Databricks Community

vartyg · ‎11-04-2025

We have a scenario where we need to mirror thousands of tables from on-premises Db2 databases to an Azure Lakehouse. The goal is to create mirror Delta tables in the Lakehouse.

Since LakeFlow Connect currently does not support direct mirroring from on-prem Db2, we are using Qlik Replicate to capture CDC data and land it in ADLS Gen2 in Parquet format — one table per folder.

We then created a Declarative Pipeline in Databricks using Auto Loader to read the CDC files in streaming mode into a staging bronze streaming table.

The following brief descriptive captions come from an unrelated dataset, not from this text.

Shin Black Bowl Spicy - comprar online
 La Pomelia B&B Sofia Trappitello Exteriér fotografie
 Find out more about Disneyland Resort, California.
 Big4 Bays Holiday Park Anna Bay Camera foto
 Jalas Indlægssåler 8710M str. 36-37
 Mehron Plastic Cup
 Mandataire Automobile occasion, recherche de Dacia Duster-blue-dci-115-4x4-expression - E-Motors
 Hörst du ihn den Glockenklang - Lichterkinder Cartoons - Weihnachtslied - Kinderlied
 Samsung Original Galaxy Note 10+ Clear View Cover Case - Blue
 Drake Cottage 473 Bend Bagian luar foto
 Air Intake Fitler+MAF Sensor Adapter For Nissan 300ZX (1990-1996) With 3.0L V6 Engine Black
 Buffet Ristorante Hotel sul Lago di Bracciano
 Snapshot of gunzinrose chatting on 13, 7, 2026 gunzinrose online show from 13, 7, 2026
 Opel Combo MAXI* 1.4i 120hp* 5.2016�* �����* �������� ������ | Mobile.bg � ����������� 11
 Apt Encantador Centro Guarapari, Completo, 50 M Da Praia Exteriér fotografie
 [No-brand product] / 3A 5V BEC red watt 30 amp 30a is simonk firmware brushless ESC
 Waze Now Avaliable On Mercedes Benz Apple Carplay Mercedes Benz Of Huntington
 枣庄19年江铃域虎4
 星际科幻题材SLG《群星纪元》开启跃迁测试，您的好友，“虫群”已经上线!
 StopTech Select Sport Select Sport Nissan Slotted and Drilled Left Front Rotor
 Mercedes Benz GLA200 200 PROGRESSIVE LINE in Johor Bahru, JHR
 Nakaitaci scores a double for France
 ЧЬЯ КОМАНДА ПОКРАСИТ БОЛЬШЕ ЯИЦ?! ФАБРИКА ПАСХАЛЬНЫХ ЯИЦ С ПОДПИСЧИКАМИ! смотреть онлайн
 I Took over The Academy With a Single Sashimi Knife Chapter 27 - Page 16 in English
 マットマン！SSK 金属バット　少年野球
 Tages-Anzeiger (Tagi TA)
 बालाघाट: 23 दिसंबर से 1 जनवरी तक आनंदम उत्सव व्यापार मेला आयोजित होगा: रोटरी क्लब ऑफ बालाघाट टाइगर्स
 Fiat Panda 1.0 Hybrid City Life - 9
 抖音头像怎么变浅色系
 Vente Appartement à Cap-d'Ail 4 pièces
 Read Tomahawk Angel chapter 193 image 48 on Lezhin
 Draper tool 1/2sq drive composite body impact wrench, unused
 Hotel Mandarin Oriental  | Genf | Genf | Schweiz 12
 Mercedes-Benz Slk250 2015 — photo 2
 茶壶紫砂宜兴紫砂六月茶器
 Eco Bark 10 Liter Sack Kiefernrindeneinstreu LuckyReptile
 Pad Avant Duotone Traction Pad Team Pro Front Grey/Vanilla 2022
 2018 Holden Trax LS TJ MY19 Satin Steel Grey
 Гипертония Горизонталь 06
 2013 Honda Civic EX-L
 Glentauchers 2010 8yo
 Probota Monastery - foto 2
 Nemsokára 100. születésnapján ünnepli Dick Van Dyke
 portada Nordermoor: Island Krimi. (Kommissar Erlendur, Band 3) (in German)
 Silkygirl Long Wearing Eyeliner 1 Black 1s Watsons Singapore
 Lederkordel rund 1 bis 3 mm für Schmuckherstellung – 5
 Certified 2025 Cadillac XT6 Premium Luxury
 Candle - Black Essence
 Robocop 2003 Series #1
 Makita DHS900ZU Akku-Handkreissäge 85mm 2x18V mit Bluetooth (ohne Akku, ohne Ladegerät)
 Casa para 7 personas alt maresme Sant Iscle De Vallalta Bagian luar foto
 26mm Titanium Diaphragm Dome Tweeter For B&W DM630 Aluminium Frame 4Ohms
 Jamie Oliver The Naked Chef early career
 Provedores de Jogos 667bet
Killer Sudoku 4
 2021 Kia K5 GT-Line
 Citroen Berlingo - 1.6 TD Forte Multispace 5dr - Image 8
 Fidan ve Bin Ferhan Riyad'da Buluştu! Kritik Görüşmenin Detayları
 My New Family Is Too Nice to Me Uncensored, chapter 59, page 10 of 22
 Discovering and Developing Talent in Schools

From there, we use Auto-CDC to apply SCD Type 1 logic and write to the final bronze streaming table, running the pipeline in continuous mode.

The challenge is:
To stream thousands of tables, we would need to create thousands of individual declarative streaming pipelines, which is not scalable.

We considered using a configuration table to loop through the list of source tables dynamically, but this would require scheduling the pipeline — and we want to keep it in continuous mode, not scheduled.

Question:
Is there a scalable solution or pattern in Databricks to dynamically stream CDC data for thousands of tables using a single or minimal number of declarative pipelines, while keeping the pipeline in continuous mode?

Any guidance or best practices would be appreciated!